31.7.06
Bollywood no Raj Mandir
A experiência de ir ver um filme de Bollywood na Índia começa pela sala de cinema em si. Ainda existem aquelas salas antigas, enormes. Autênticos templos do cinema, que concedem ao filme em exibição uma aura de importância. Segundo o guia "Lonely Planet", o Raj Mandir, em Jaipur, é o mais magnífico de todos, "assemelhando-se a um gigante bolo cremoso, com um 'foyer' algures entre um templo e a Dysneilândia".
Havia quatro castas de bilhetes: "Diamond" (77 rupias), "Emerald" (52), "Ruby" (32) e "Pearl" (20). Comprei o mais caro (pouco mais do que um euro), localizado numa espécie de segundo balcão. O cinema, com capacidade para 2000 pessoas, estava quase cheio e o arrumador indicou-me um lugar ao lado de uma mulher. Sentei-me e ficou perturbada, falando em hindi com ele e dizendo-me em inglês que aquele era o seu lugar. Reparei, depois, que as pessoas se sentavam por forma a não haver nenhuma mulher que ficasse ao lado de estranhos. Imaginemos uma família composta por um casal e dois filhos: o pai ficaria numa ponta, a mãe e a irmã no meio e o irmão sentar-se-ia na outra ponta, por forma a proteger as donzelas de qualquer interferência exterior. O arrumador descortinou outro lugar, ao lado de dois jovens estudantes de contabilidade, que logo meteram conversa:
- Percebes o hindi?
- Não, apenas gosto de ver as imagens.
O episódio da mulher que achava intrusivo que um estranho se sentasse ao seu lado é sintomático. A Índia é um país de casamentos arranjados, onde o contacto entre rapazes e raparigas é reprimido. Por isso, nos arraiais de rua, os adolescentes dançam uns com os outros e fazem saltos acrobáticos ao som de música hindi-techno. Elas assistem a uma distância segura. Por isso, os filmes de Bollywood são uma fantasia cheia de insinuações sexuais e comportamentos que não são permitidos na realidade. As actrizes são beldades que usam uma indumentária muito reduzida.
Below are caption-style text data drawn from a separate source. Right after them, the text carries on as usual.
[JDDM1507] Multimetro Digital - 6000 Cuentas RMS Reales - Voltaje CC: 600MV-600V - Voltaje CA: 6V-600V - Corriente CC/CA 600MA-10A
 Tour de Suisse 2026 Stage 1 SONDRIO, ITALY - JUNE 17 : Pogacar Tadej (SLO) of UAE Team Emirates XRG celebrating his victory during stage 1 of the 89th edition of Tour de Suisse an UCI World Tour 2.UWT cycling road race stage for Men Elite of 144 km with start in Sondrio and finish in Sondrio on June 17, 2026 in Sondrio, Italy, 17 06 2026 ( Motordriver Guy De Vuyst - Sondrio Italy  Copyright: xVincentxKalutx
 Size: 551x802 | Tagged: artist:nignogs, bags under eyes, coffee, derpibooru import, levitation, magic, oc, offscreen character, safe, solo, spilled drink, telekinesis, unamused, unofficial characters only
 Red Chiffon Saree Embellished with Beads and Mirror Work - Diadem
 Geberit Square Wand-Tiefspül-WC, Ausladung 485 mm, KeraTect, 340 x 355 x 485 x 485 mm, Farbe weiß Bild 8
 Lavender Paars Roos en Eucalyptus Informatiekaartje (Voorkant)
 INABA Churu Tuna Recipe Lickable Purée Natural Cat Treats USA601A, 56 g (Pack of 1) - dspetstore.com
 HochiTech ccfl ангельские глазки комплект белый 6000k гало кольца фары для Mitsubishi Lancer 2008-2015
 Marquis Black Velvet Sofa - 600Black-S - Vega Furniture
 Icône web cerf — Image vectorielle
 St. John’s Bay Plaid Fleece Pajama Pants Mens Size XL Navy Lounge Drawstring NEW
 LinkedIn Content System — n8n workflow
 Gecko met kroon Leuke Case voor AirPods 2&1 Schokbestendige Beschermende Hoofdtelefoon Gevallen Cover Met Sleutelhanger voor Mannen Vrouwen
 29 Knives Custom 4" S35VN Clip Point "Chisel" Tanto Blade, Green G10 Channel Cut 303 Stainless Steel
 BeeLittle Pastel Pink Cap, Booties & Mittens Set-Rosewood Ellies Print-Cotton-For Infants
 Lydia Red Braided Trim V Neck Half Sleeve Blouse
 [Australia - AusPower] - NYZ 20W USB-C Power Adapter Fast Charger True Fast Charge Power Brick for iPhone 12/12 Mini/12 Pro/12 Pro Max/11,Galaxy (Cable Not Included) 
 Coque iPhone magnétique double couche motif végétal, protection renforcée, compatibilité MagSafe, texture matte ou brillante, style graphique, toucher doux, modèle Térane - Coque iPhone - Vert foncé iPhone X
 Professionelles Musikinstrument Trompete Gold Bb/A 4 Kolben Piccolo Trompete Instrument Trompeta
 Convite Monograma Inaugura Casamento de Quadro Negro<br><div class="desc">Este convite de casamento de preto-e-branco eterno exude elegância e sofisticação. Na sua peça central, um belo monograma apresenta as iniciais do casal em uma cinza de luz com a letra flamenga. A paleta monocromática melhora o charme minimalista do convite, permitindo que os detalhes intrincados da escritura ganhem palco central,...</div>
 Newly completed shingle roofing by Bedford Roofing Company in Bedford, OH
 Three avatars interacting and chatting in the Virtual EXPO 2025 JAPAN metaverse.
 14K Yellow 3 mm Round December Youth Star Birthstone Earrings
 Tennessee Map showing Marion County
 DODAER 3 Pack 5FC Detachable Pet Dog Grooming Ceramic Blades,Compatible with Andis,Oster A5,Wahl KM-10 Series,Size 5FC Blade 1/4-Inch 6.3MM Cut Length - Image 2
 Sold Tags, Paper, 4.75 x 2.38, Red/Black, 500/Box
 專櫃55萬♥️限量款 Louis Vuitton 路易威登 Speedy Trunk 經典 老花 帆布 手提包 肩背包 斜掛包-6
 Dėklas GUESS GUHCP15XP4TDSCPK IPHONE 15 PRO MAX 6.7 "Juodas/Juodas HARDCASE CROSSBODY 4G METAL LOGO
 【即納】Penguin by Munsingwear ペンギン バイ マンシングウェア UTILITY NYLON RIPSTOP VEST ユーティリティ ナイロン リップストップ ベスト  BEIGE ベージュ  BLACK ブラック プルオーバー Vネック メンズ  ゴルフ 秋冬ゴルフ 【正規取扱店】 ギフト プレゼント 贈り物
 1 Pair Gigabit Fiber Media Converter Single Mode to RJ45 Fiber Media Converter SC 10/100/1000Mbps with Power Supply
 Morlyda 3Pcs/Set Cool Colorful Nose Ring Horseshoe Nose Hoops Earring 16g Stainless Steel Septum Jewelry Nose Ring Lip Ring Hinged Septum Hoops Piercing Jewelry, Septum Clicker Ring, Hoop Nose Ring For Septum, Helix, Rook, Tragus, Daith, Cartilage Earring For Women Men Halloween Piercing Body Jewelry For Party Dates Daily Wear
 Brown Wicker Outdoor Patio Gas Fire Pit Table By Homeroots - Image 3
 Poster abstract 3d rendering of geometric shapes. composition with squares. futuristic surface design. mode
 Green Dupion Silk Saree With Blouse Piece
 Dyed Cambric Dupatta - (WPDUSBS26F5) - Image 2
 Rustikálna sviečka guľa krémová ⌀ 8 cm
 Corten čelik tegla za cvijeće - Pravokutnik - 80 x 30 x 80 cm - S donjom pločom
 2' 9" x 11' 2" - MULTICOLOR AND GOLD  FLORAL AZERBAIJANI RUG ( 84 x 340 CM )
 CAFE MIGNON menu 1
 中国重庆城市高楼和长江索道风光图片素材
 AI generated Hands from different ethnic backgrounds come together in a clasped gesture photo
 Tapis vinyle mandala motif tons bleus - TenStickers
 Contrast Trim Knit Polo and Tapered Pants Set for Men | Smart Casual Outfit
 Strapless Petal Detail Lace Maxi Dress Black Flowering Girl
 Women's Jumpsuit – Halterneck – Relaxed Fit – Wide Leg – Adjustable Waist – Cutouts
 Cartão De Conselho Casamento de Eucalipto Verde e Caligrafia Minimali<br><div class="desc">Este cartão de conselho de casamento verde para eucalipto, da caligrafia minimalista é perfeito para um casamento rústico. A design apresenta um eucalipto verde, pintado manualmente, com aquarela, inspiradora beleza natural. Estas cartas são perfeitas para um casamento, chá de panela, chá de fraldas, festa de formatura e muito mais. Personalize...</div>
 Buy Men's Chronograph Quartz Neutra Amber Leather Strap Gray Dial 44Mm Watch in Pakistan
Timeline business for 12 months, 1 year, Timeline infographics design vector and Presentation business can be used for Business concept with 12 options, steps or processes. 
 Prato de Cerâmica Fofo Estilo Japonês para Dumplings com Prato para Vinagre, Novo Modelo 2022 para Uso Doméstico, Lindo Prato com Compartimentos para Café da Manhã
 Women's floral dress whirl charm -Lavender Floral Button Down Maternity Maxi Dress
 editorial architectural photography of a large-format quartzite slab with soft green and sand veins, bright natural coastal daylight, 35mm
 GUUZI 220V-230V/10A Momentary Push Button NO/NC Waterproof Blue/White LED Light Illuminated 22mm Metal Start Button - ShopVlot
O filme (um grande sucesso intitulado "Dhoom") compreendia-se sem perceber a língua. Era básico, mas animado e tecnicamente bem feito. A historia de um gang de motoqueiros e do policia que os persegue e, claro, prende no fim. As cenas de acção são totalmente inverosímeis e surgem entre episódios musicais. É ai que irrompem as beldades, para gáudio da multidão, que aplaude e exorta. Dançam para os protagonistas nas mais diversas situações: numa praia, sob uma chuva torrencial que faz os biquínis ficarem transparentes; na rua; em volta da cama marital... A popularidade destes filmes deve-se, creio eu, a esse exibicionismo feminino. Os homens (a grande maioria da audiência) vêem ali o que dificilmente vêem noutro lado. Depois há a festa, a musica, as cenas de porrada delirantes.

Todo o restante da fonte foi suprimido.